Stored data entries
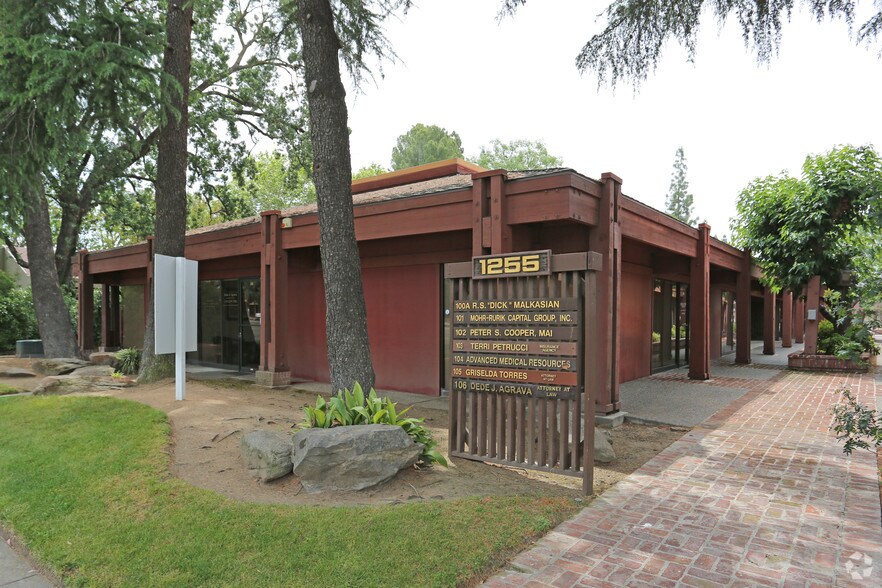 More Photos Of 1255 W Shaw Ave, Fresno Office For Lease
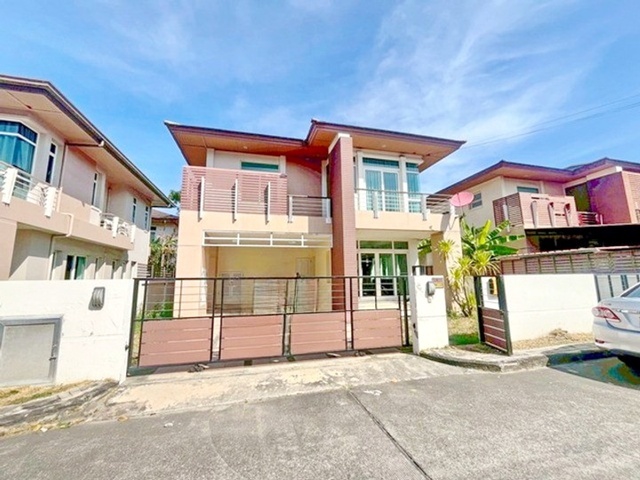 รร.นานาชาติไทยจีน ศรีราชา 3 กม.เฟอร์ฯครบ ฟังก์ชันสมบูรณ์ 3นอน The Boulevard สวนเสือศรีราชา 2.5 กม.ขาย-เช่าบ้านหรู ศรีราชา บ้านเดี่ยว 2 ชั้น พร้อมอยู่ 24,998 B-M. ขาย 5.29 ลบ3 น้ำ ทำเลศักยภาพ เจพาร์ค ศรีราชา 1.2 กม.  เดินทางสะดวก เหมาะอยู่อาศัย ให้ความเป็นส่วนตัวสูง สภาพใหม่ บรรยากาศดี ปลอดภัย ถ.สุขุมวิท Thai Chinese International School Sriracha 3 km. Luxury house for sale rent in Sriracha 2 story detached house ready to move in The Boulevard Sriracha Tiger Zoo 2.5 km.  24,998 B-M. sale price 5.29 million THB  fully furnished complete fun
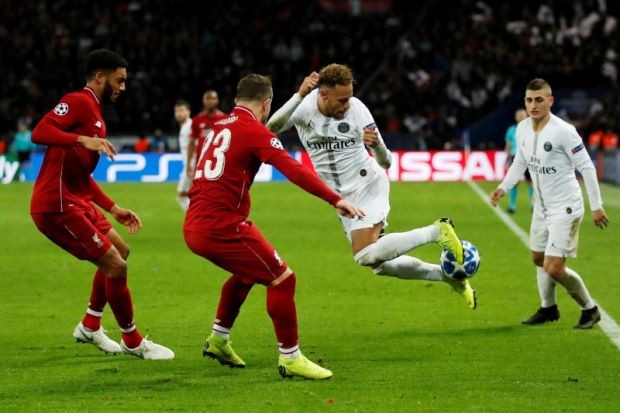 Tương lai của Sanchez tại Man Utd: Đi không xong, ở chẳng được - Bóng Đá
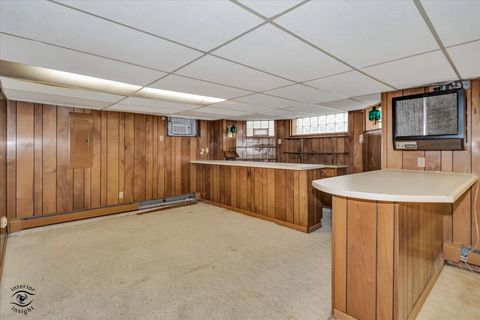 Tiny photo for 912 S Greenwood Avenue, Kankakee, IL 60901 (MLS # 12584488)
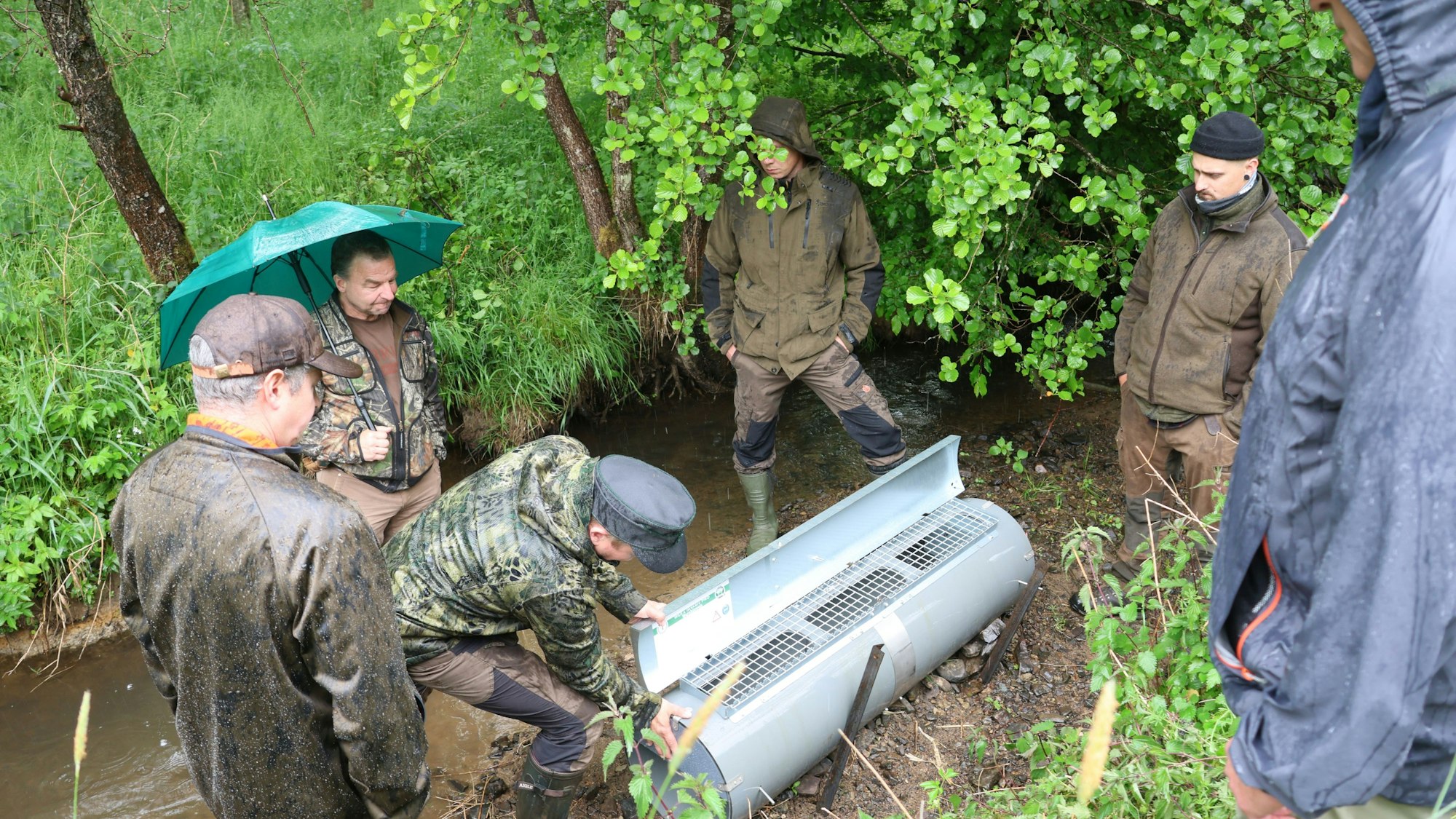 Benjamin Siebrecht demonstriert die Funktionsweise einer speziell für Waschbär und Nutria konzipierten Falle.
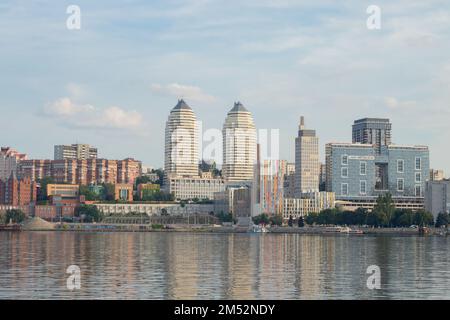 Ucraina, Dnipro - 03 luglio 2020. L'argine centrale della città di Dnieper in Ucraina. Vista dal fiume Dnieper. Foto Stock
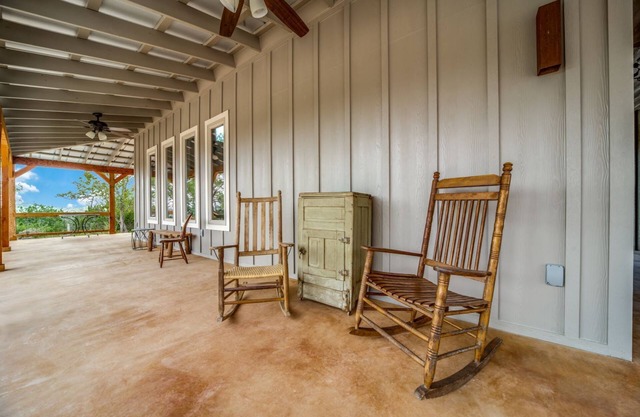 A Texas Hill Country getaway with breathtaking views.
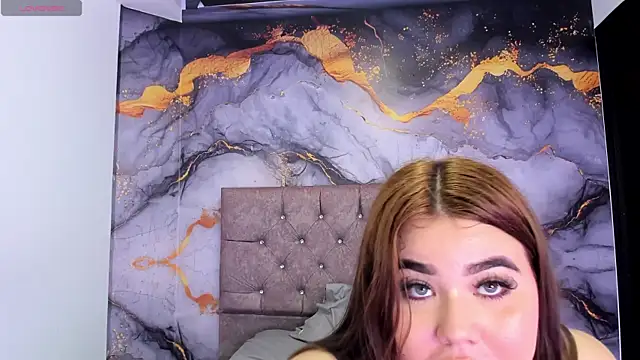 MadissonLee   online show from November 28, 12:52 pm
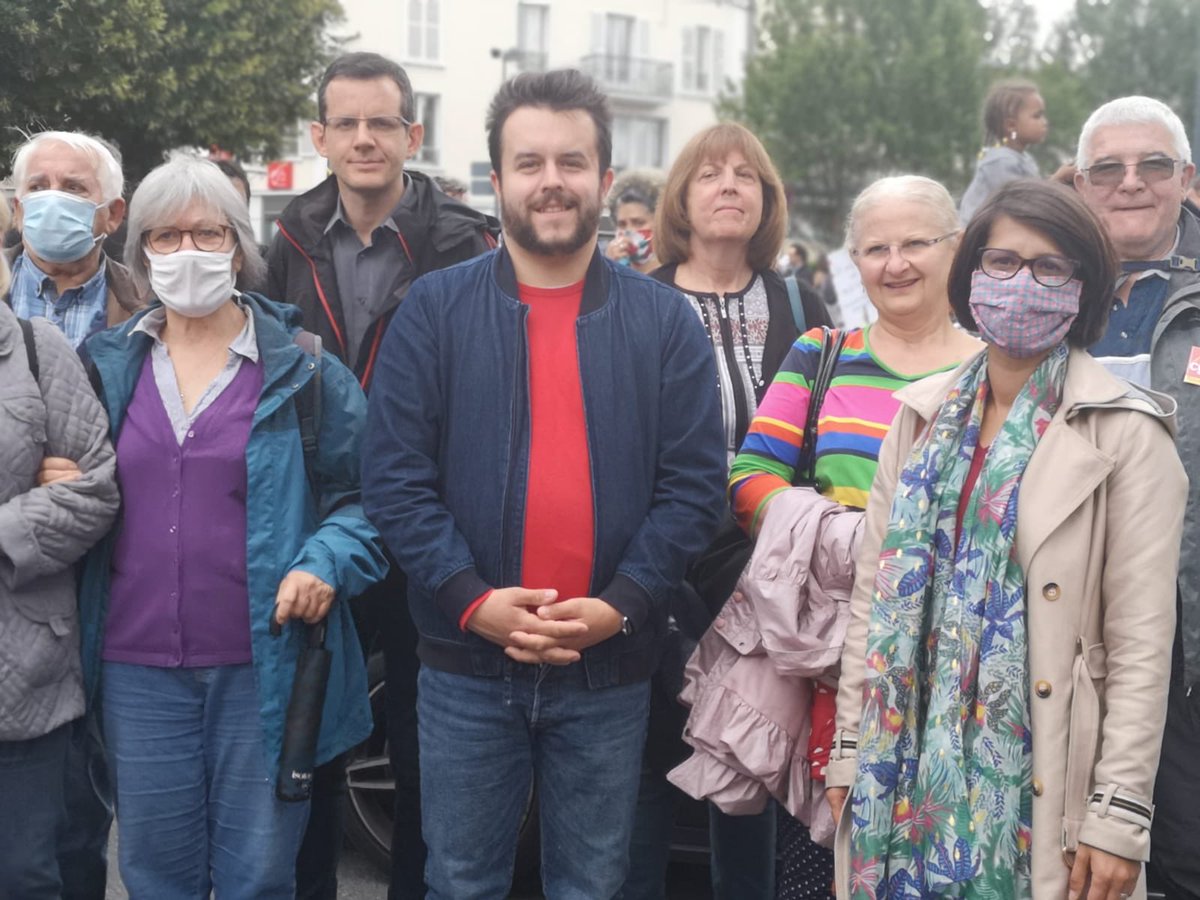 cepal91120's tweet photo. Nous étions hier matin https://t.co/SjldDo0SDj lors du rassemblement prévu devant l’hopital d’Orsay pour la défense des hôpitaux publics. 
Le personnel médical nous soigne, nous l’avons applaudi, défendons le désormais ! #HopitalPublic #soignantsencolere https://t.co/VxretXuQyX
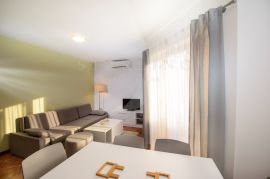 PRODAJA, APARTMAN, MEDULIN, 74 M2, Medulin, Appartamento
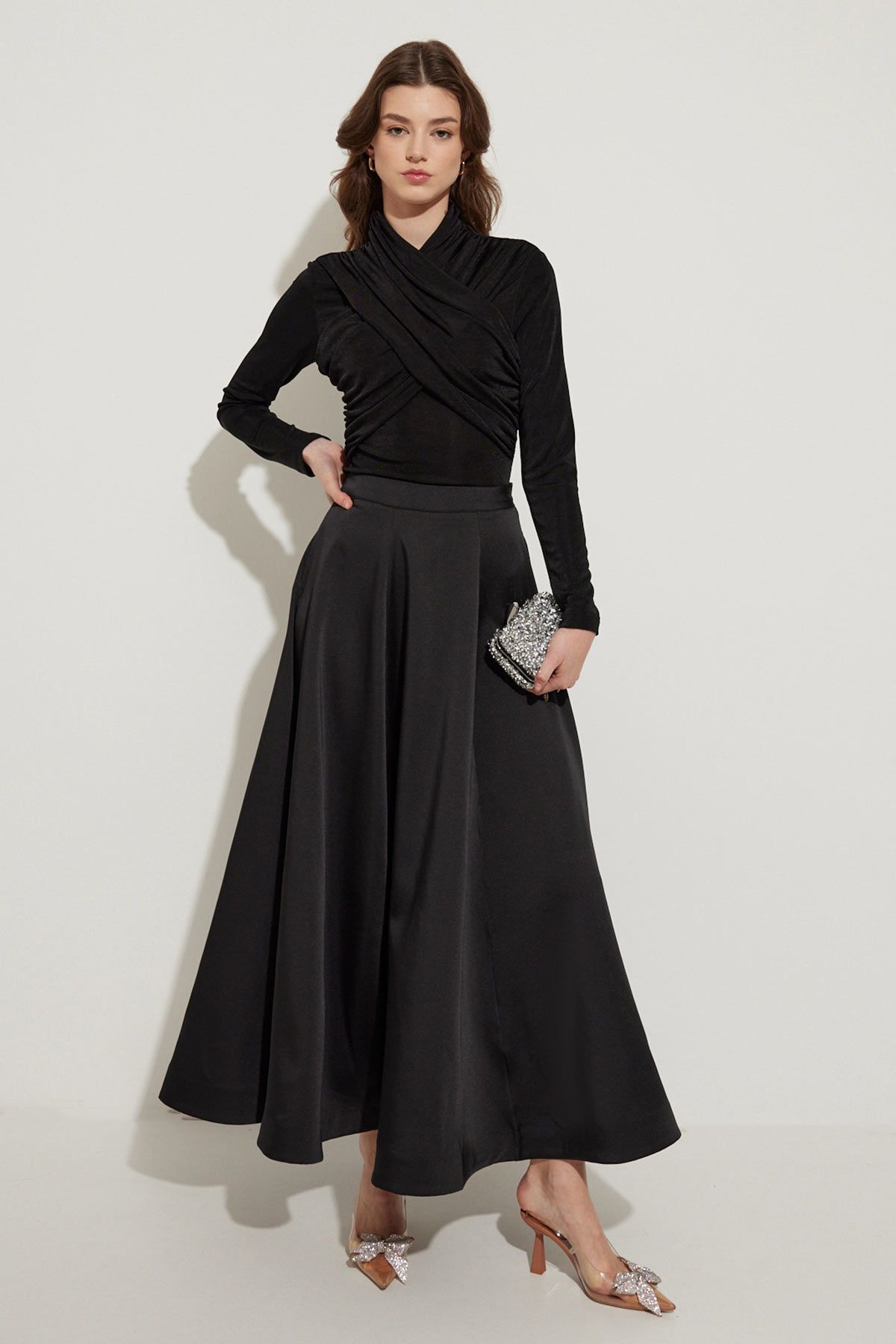 complete the look image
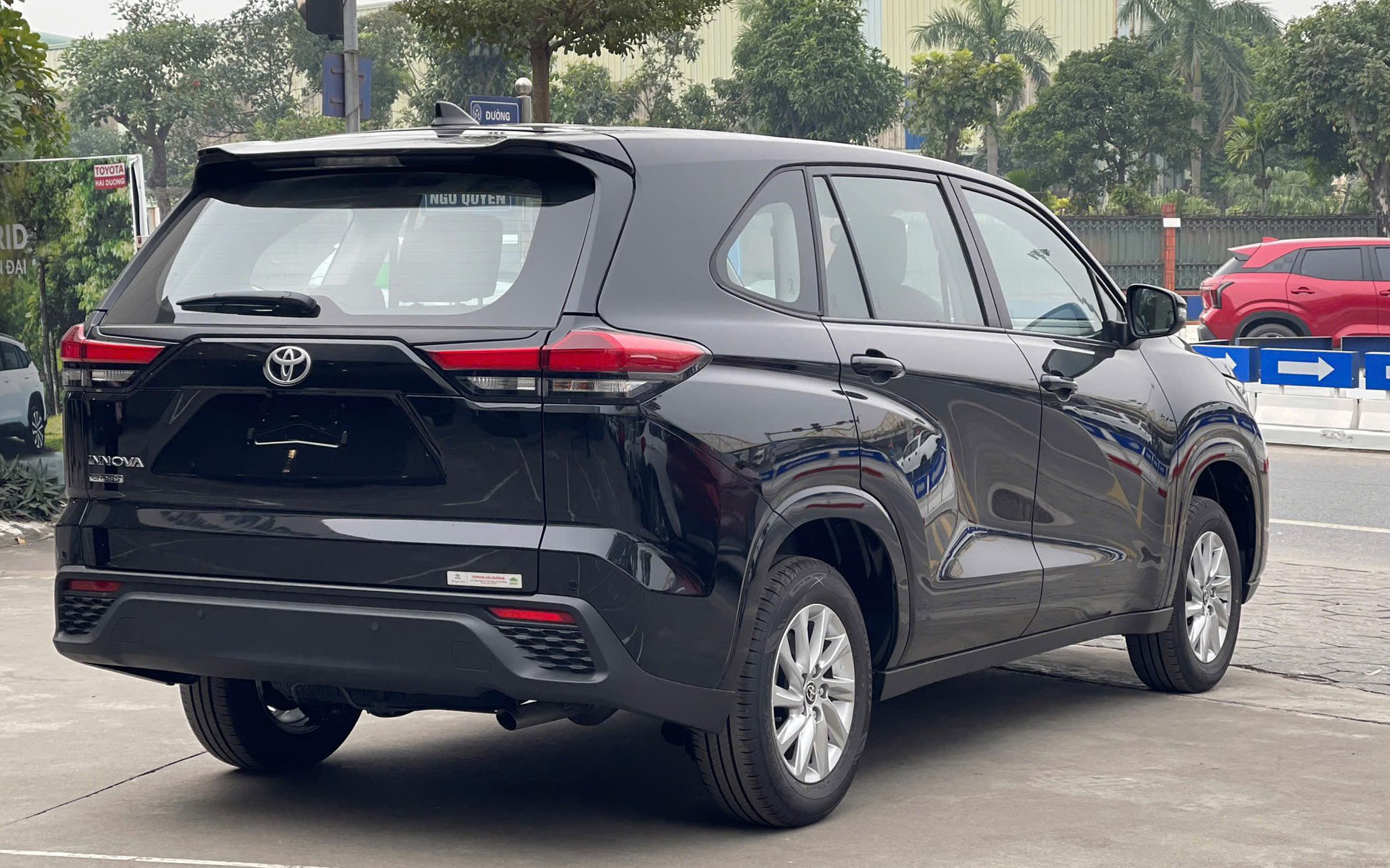 Cắt trang bị để thêm bản ‘giá rẻ’ - Chiến lược ‘câu khách’ mới của nhiều mẫu xe tại Việt Nam năm nay - Ảnh 2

What needs to be done:
Give back the entries verbatim but drop every picture.

Finished exercise:
 More Photos Of 1255 W Shaw Ave, Fresno Office For Lease
 รร.นานาชาติไทยจีน ศรีราชา 3 กม.เฟอร์ฯครบ ฟังก์ชันสมบูรณ์ 3นอน The Boulevard สวนเสือศรีราชา 2.5 กม.ขาย-เช่าบ้านหรู ศรีราชา บ้านเดี่ยว 2 ชั้น พร้อมอยู่ 24,998 B-M. ขาย 5.29 ลบ3 น้ำ ทำเลศักยภาพ เจพาร์ค ศรีราชา 1.2 กม.  เดินทางสะดวก เหมาะอยู่อาศัย ให้ความเป็นส่วนตัวสูง สภาพใหม่ บรรยากาศดี ปลอดภัย ถ.สุขุมวิท Thai Chinese International School Sriracha 3 km. Luxury house for sale rent in Sriracha 2 story detached house ready to move in The Boulevard Sriracha Tiger Zoo 2.5 km.  24,998 B-M. sale price 5.29 million THB  fully furnished complete fun
 Tương lai của Sanchez tại Man Utd: Đi không xong, ở chẳng được - Bóng Đá
 Tiny photo for 912 S Greenwood Avenue, Kankakee, IL 60901 (MLS # 12584488)
 Benjamin Siebrecht demonstriert die Funktionsweise einer speziell für Waschbär und Nutria konzipierten Falle.
 Ucraina, Dnipro - 03 luglio 2020. L'argine centrale della città di Dnieper in Ucraina. Vista dal fiume Dnieper. Foto Stock
 A Texas Hill Country getaway with breathtaking views.
 MadissonLee   online show from November 28, 12:52 pm
 cepal91120's tweet photo. Nous étions hier matin https://t.co/SjldDo0SDj lors du rassemblement prévu devant l’hopital d’Orsay pour la défense des hôpitaux publics. 
Le personnel médical nous soigne, nous l’avons applaudi, défendons le désormais ! #HopitalPublic #soignantsencolere https://t.co/VxretXuQyX
 PRODAJA, APARTMAN, MEDULIN, 74 M2, Medulin, Appartamento
 complete the look image
 Cắt trang bị để thêm bản ‘giá rẻ’ - Chiến lược ‘câu khách’ mới của nhiều mẫu xe tại Việt Nam năm nay - Ảnh 2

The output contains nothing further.